### [DATA]
<<<<

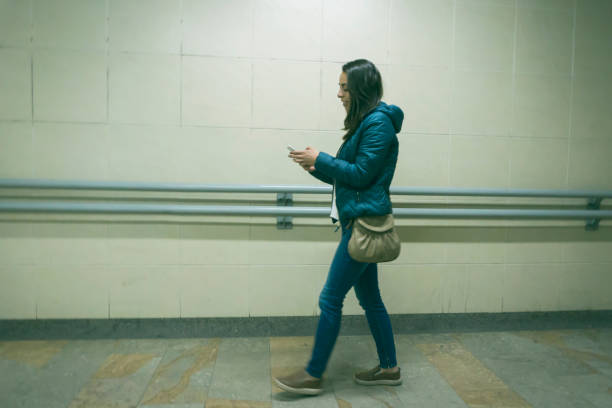Young woman walking at an underground station while texting on smartphone - Lifestyles
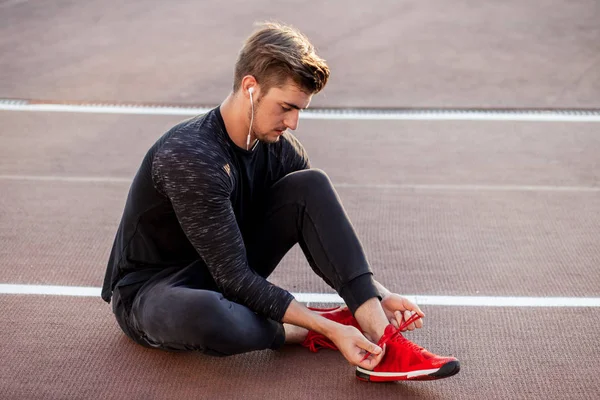 Runner preparándose para correr atando cordones de zapatillas mientras está sentado en la pista —  Fotos de Stock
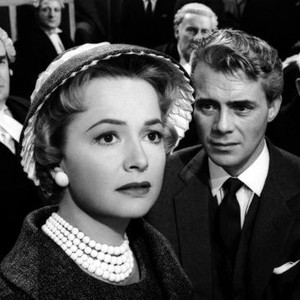 LIBEL, from left: Robert Morley, Olivia de Havilland, Dirk Bogarde, 1959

>>>>

### [WORK INSTRUCTIONS]
Word for word, reproduce the listing above; no image should be carried over.

### [COMPLETED EXERCISE]
Young woman walking at an underground station while texting on smartphone - Lifestyles
 Runner preparándose para correr atando cordones de zapatillas mientras está sentado en la pista —  Fotos de Stock
 LIBEL, from left: Robert Morley, Olivia de Havilland, Dirk Bogarde, 1959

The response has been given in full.